◆ Your objective ◆
Locate the line containing "[Funny] 300cm Indoor" in the material below. Copy that line and all following lines through the end exactly, omitting any pictures.
[[ Exercise material, beginning ]]
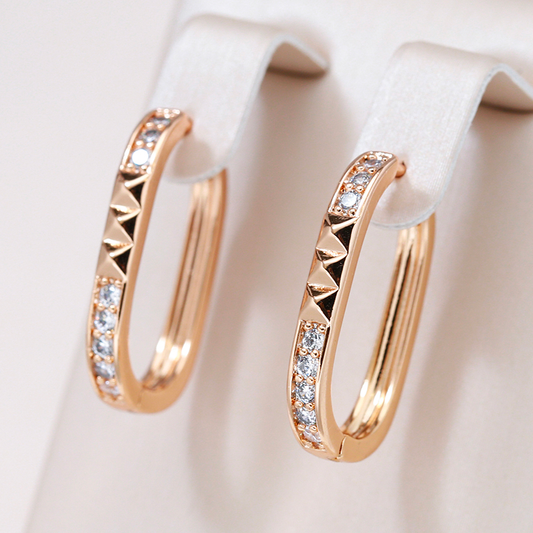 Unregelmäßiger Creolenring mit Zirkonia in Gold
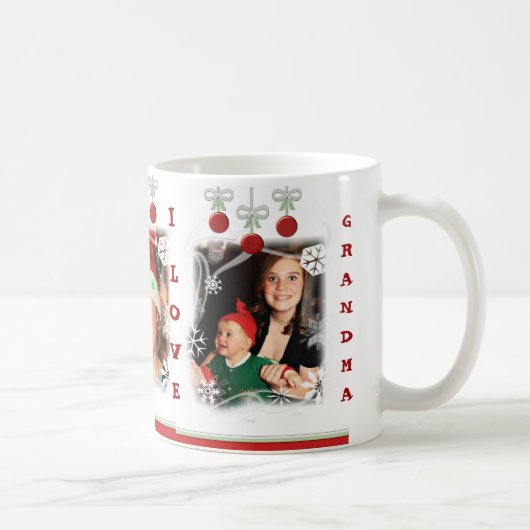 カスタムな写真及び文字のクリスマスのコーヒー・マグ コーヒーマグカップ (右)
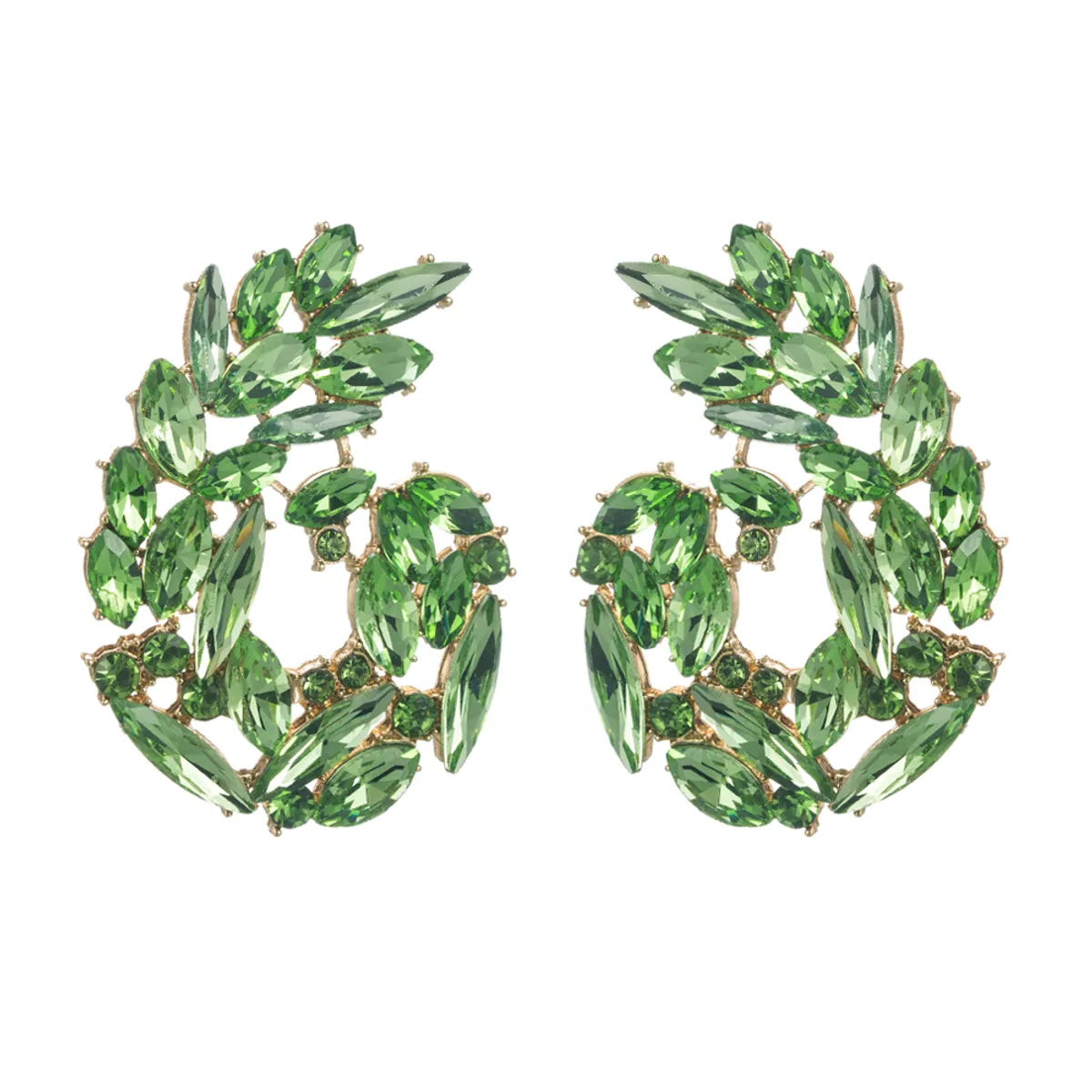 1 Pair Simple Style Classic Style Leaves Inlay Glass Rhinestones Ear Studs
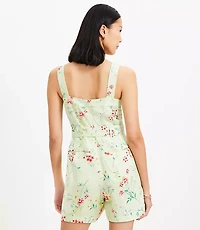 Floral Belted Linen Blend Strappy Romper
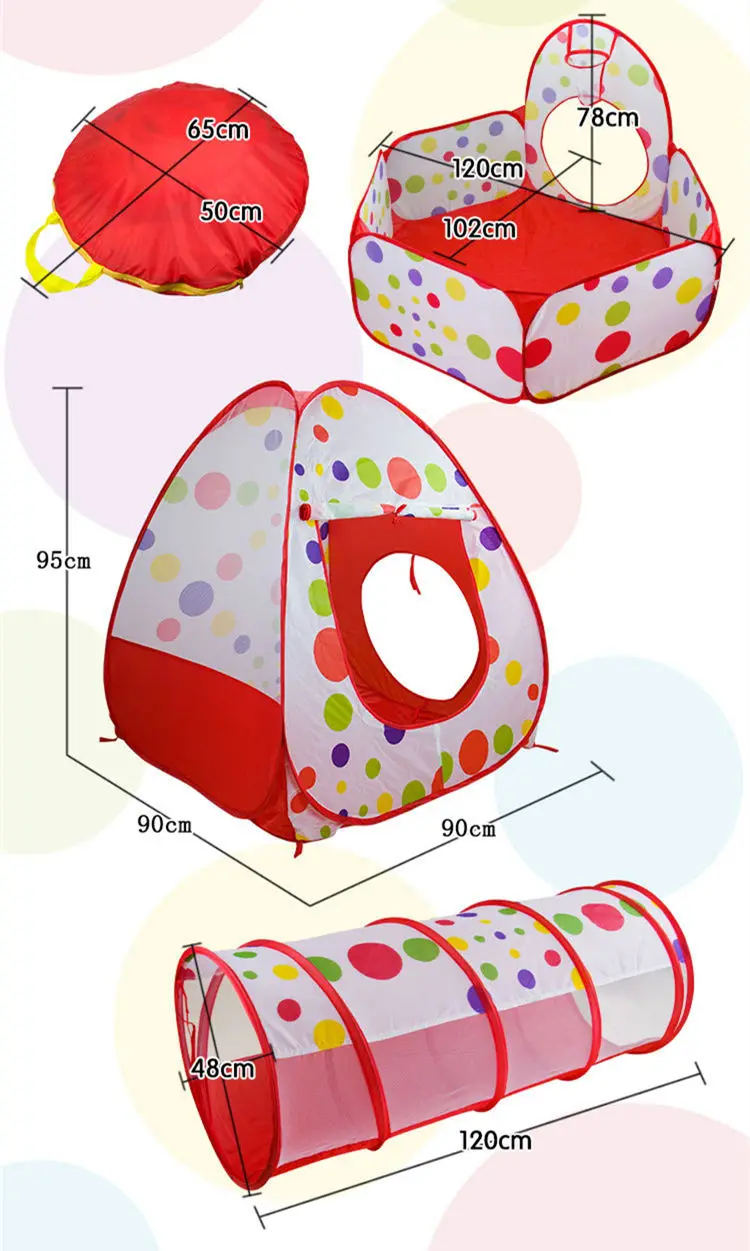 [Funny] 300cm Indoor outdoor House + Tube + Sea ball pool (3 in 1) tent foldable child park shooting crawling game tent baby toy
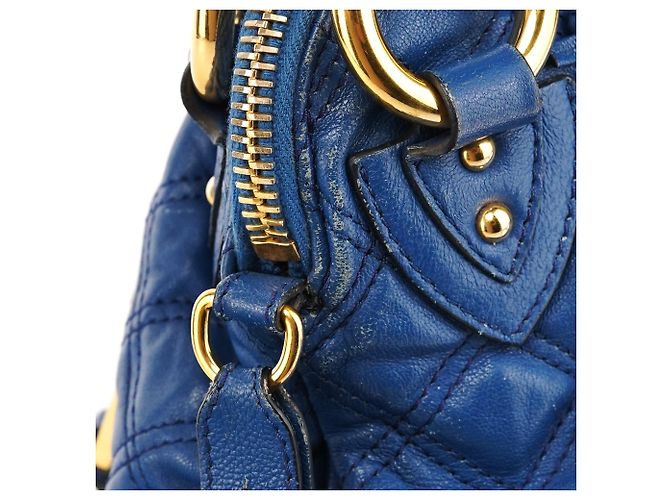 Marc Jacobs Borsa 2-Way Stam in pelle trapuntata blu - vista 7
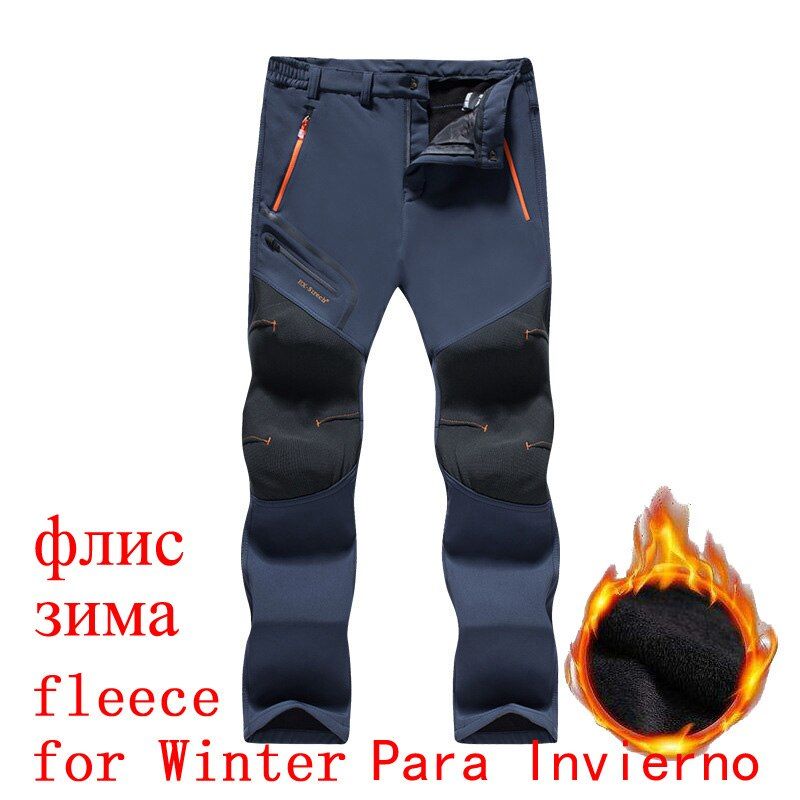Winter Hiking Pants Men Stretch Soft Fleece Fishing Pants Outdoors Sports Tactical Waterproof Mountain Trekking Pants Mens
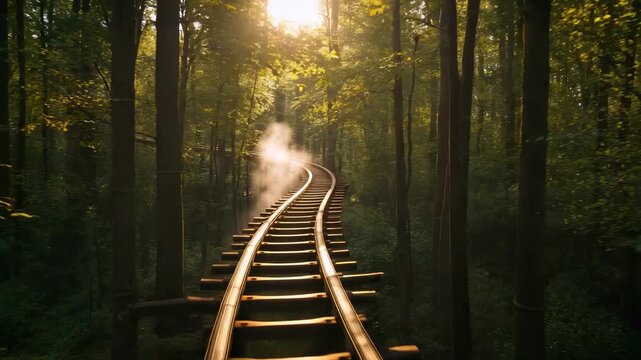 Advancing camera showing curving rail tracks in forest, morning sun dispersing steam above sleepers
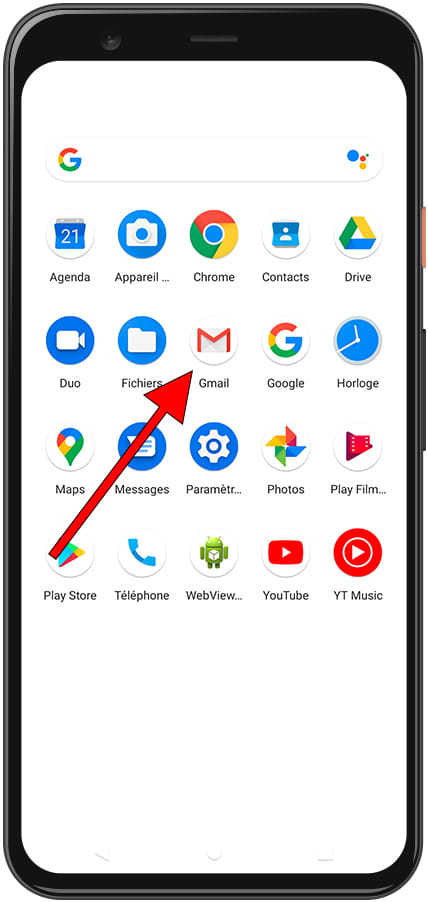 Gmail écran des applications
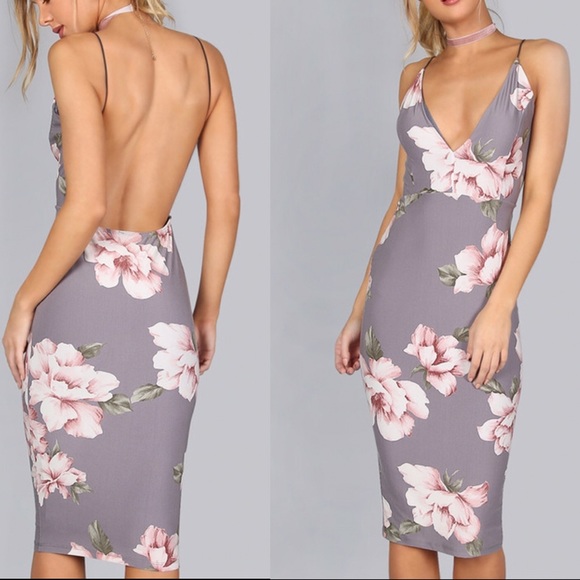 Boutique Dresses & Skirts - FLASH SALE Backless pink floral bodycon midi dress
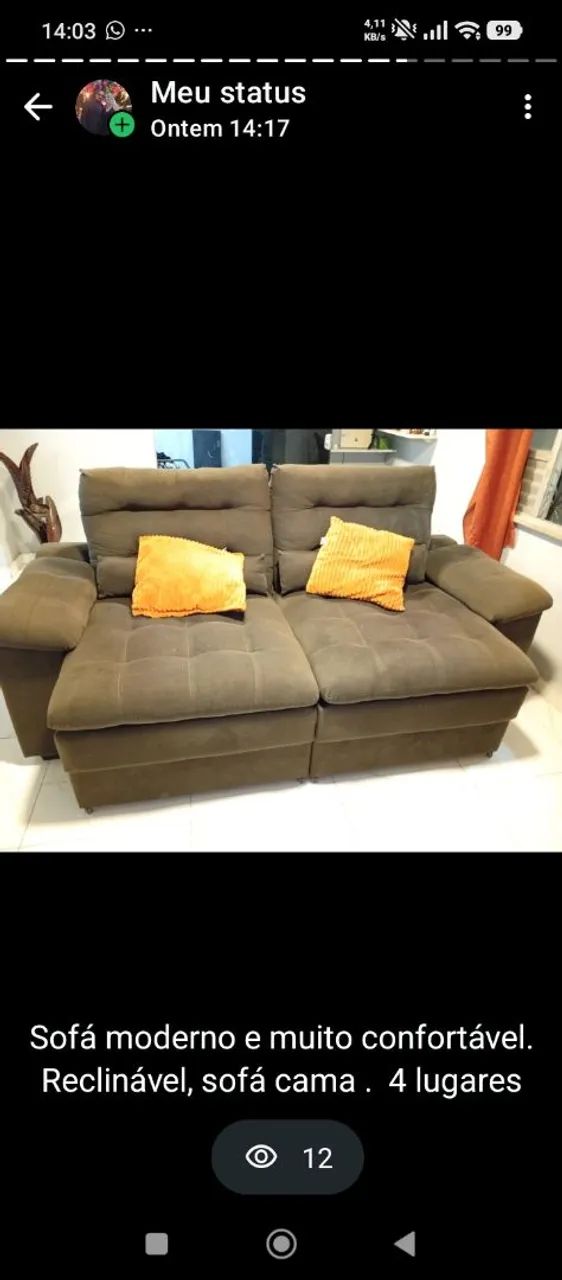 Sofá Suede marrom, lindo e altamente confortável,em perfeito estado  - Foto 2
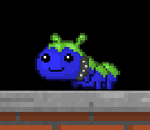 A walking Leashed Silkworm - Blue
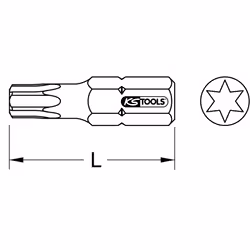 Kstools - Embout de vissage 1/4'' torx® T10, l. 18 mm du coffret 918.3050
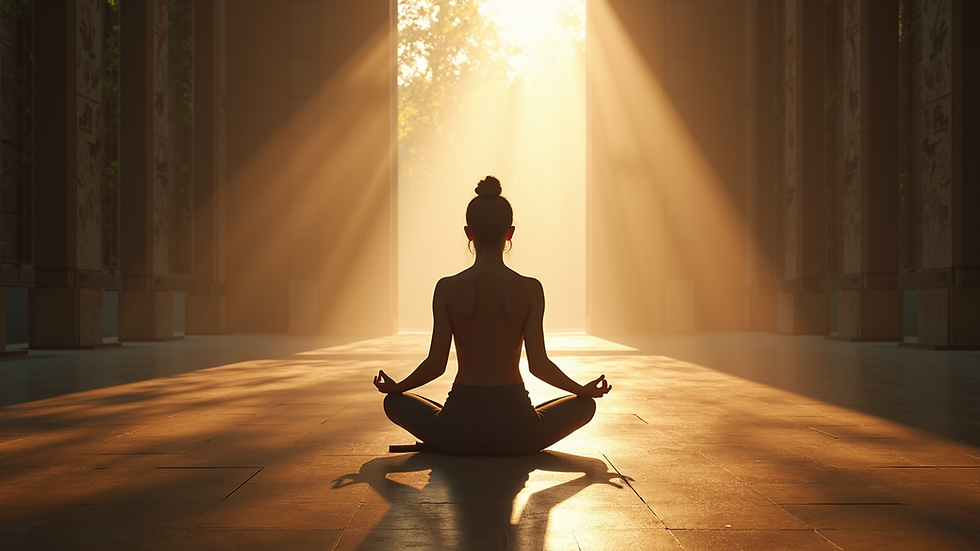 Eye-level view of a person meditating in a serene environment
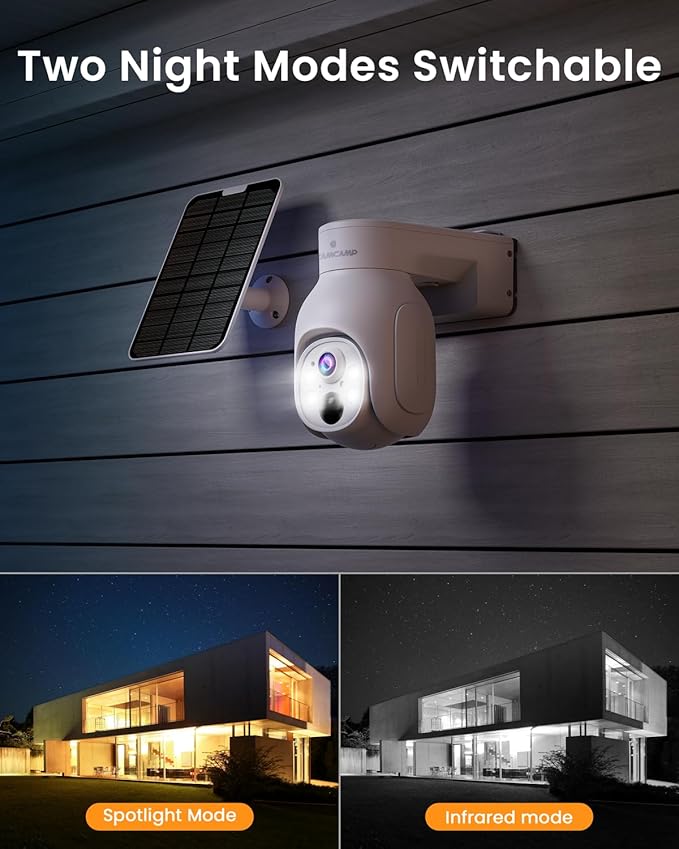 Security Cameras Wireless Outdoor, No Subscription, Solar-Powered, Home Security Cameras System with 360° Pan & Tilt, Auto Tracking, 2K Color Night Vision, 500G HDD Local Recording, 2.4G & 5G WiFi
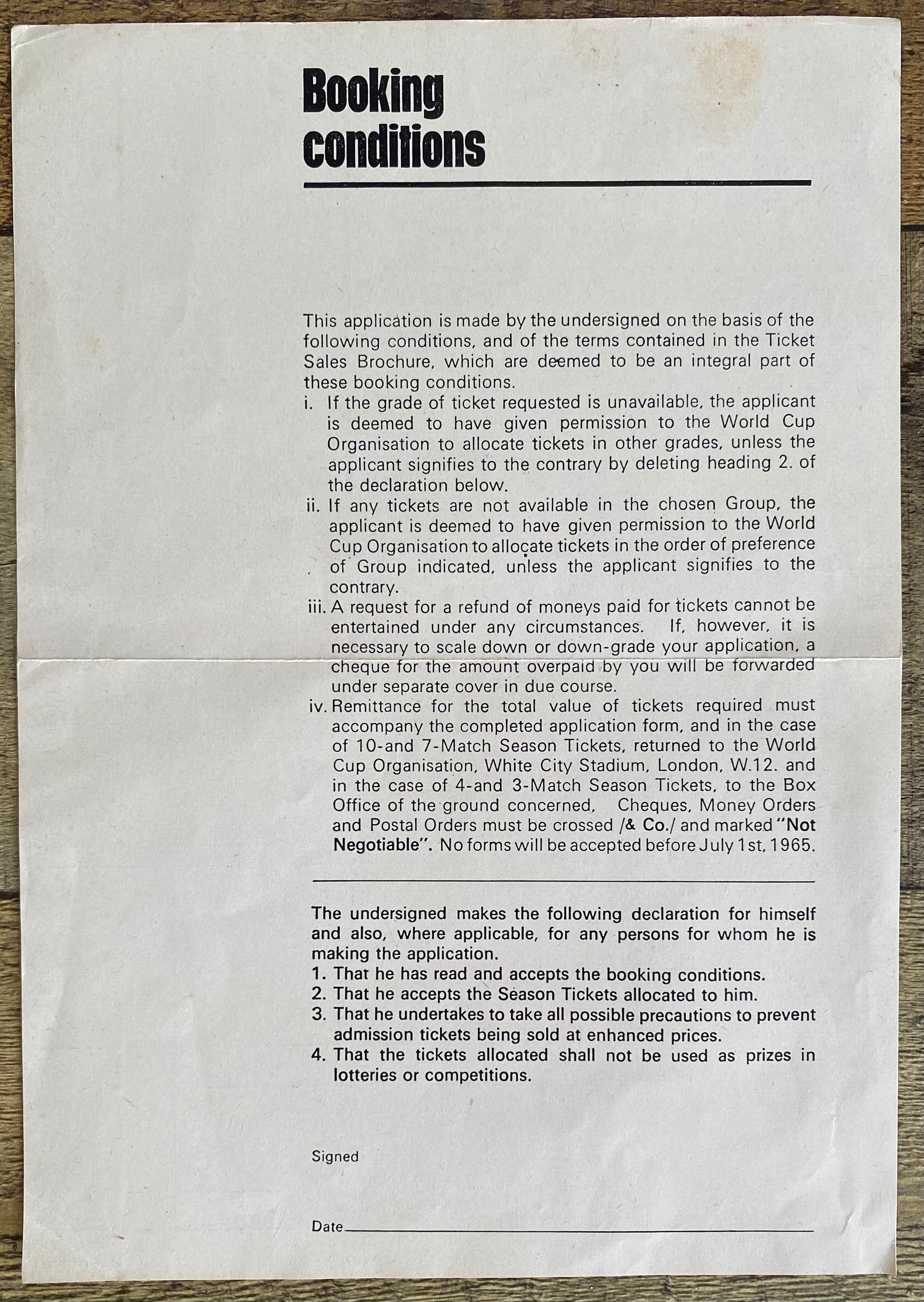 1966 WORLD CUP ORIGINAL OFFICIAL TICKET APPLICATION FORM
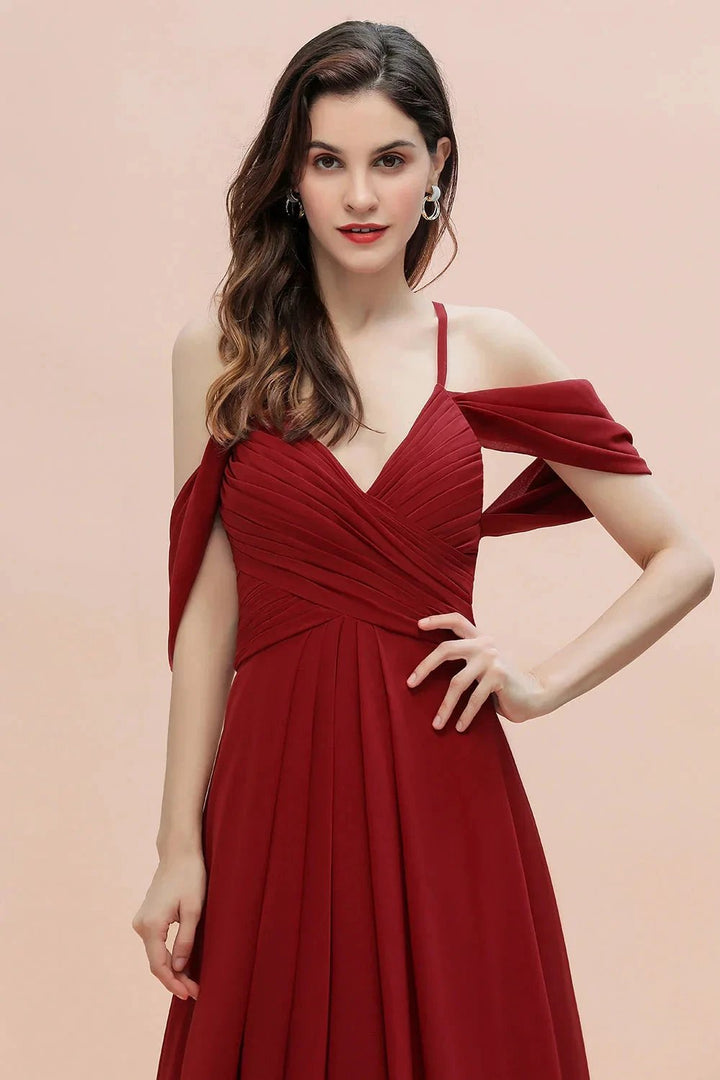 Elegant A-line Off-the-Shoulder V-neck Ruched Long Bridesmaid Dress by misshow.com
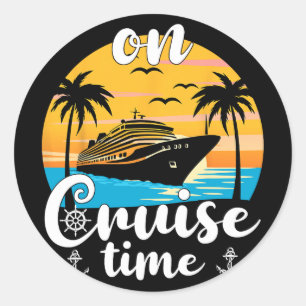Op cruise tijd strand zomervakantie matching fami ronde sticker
[[ Exercise material, end ]]
◆ Result for this task ◆
 [Funny] 300cm Indoor outdoor House + Tube + Sea ball pool (3 in 1) tent foldable child park shooting crawling game tent baby toy
 Marc Jacobs Borsa 2-Way Stam in pelle trapuntata blu - vista 7
Winter Hiking Pants Men Stretch Soft Fleece Fishing Pants Outdoors Sports Tactical Waterproof Mountain Trekking Pants Mens
 Advancing camera showing curving rail tracks in forest, morning sun dispersing steam above sleepers
 Gmail écran des applications
 Boutique Dresses & Skirts - FLASH SALE Backless pink floral bodycon midi dress
 Sofá Suede marrom, lindo e altamente confortável,em perfeito estado  - Foto 2
 A walking Leashed Silkworm - Blue
 Kstools - Embout de vissage 1/4'' torx® T10, l. 18 mm du coffret 918.3050
 Eye-level view of a person meditating in a serene environment
 Security Cameras Wireless Outdoor, No Subscription, Solar-Powered, Home Security Cameras System with 360° Pan & Tilt, Auto Tracking, 2K Color Night Vision, 500G HDD Local Recording, 2.4G & 5G WiFi
 1966 WORLD CUP ORIGINAL OFFICIAL TICKET APPLICATION FORM
 Elegant A-line Off-the-Shoulder V-neck Ruched Long Bridesmaid Dress by misshow.com
Op cruise tijd strand zomervakantie matching fami ronde sticker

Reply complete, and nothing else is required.